Tiempos tecnológicos, tiempos deshumanizados

Lo regresivo y pernicioso que resulta sustituir a una persona por una fría máquina; un claro retroceso en las conductas de sociabilidad

Sin ser Bob Dylan y sin merecer premio alguno, coincido en que los tiempos están cambiando, al menos, en cuanto corren tiempos de deshumanización en los servicios prestados por profesionales y empresarios.

Soy consciente de los beneficios de los adelantos tecnológicos, pero confieso que el pasado fin de semana me quedé perplejo al asistir con mis hijos al establecimiento de una multinacional de la hamburguesa y comprobar que ya no te atiende el pedido un empleado con gorrita tras un mostrador, sino que hay que dirigirse antes a una máquina que va dando opciones (lechuga, salsa, tipo de pan, tamaño, etcétera) y el cliente va elaborando su propio pedido hasta que finalmente lo abona en la máquina; luego el cliente presenta el tique en el mostrador donde le espera la cola para recibir su pedido.

Supongo que con esta medida se ahorran sueldos de empleados y además se evita culpar a los camareros de los errores en los pedidos, pero también intuyo que cuando decide un niño tecleando con su dedito ávido su propio menú, el jueguecito lleva a consumir más y más caro para el cliente.

El precio de esta tecnología en el ámbito de la hostelería que es el foro clásico de debate y tertulia, con saludo cómplice al camarero, es que se deshumaniza la relación con el cliente. Suele decirse que el mejor psiquiatra es un camarero atento tras un par de copas en soledad, y me temo que las máquinas no podrán sustituirle.
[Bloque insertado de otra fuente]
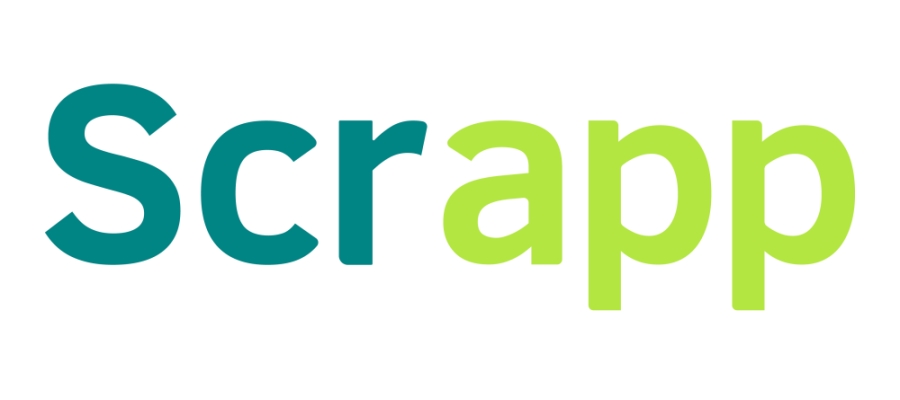 scrapp logo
El problema radica en que ya estaba familiarizado con los cajeros automáticos (que evitan entrar en las sucursales donde acecha el peligro de productos financieros e incluso cacerolas como anzuelo envenenado) y ahora también he tenido que trabar relación con la máquina expendedora en la estación de autobuses e incluso en una gasolinera. En ambos casos estuve en trance de sufrir un colapso de impotencia por no conseguir el premio de recibir el servicio que intentaba pagar.

Van desapareciendo las personas y sustituyéndose por máquinas.
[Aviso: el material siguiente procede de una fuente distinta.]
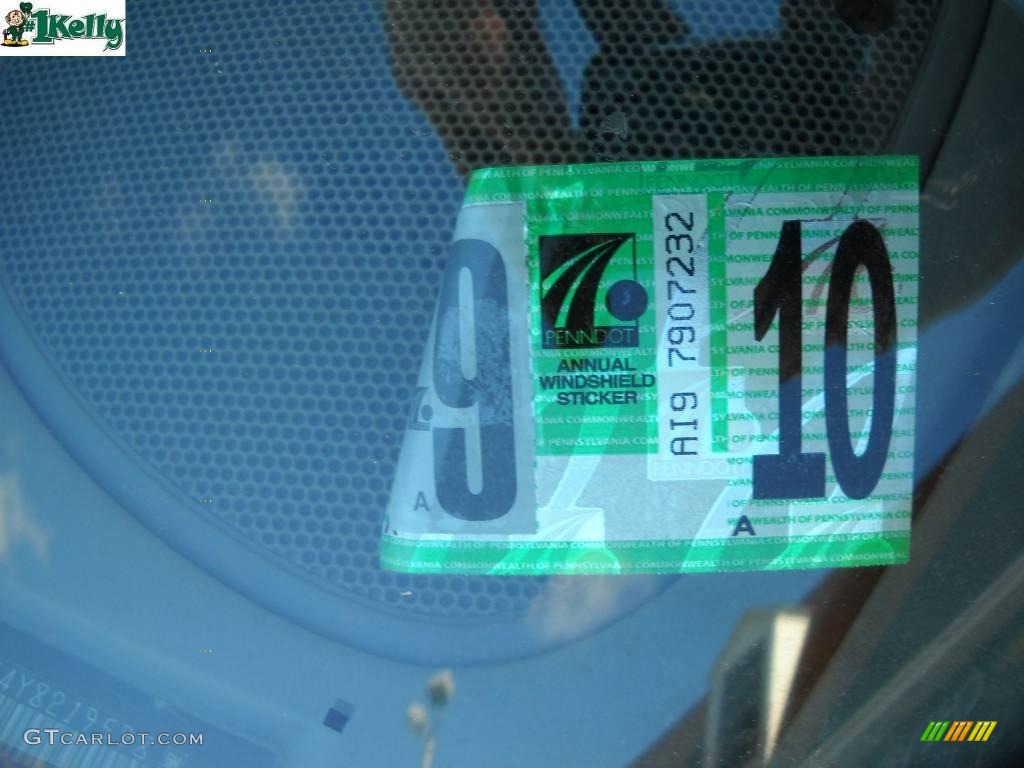 2000 Sonoma SLS Sport Extended Cab - Indigo Blue Metallic / Pewter photo #19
No quisiera parecer un ludita, aquellos artesanos británicos que en los inicios de la Revolución Industrial en el siglo XIX temían quedarse sin trabajo y destruían las máquinas. Sin embargo, lamento que los infantes y adolescentes de principios del siglo XXI, no sólo se acostumbran a estar pegados a artilugios tecnológicos, a tener su móvil o tableta, sino que incluso esa mínima relación social en la compraventa les priva de la oportunidad del contacto humano, les niega la ocasión de cambiar impresiones y empatizar con un trabajador, y que les priva de ese modesto placer y saludable práctica educativa de saludar o dar las gracias a una persona, porque las máquinas son mudas o con voz metálica. ¿Acaso no es bueno el contacto visual entre cliente y tendero?, ¿no nos explicamos mejor ante un rostro que ante una máquina?, ¿debemos extinguir esta relación emocional entre cliente y profesional en tiempos en que avanzamos hacia la autosuficiencia en el castillo del hogar con ordenador y televisión como únicas ventanas hacia el exterior?

Cuando vemos esa lucecita roja en las máquinas expendedoras de bebida que nos anuncia que se han agotado, realmente fue una idea del fabricante para evitar que, cuando no salía la botella, el cliente la emprendiese a patadas. Ni siquiera se da al cliente el derecho al pataleo.

En fin, que el avance tecnológico en las relaciones comerciales que admito a regañadientes como sucedáneo práctico es el popular isidrín, que permite escanciar en la mesa "al gusto". En cambio, todo lo que sea sustituir a una persona por una fría máquina, por mucha lucecita que ofrezca, me parece regresivo y pernicioso. Se trata de un retroceso en las conductas de sociabilidad y de ahí a encerrarnos en el mutismo y el cabreo solitario hay un paso.

Quizá me estoy haciendo viejo y me temo que cuando lo sea tendré alguna máquina con teclas para indicarme la pastilla que debo tomar, para ver el documental que me apetezca o para saludar desde la pantalla a mis hijos que estarán al otro lado del globo enfrascados en otro artilugio más avanzado. El problema será como recordaré qué tecla tocar, pero seguro que hay otra maquinita para ello. O quizás una maquinita para apagarme.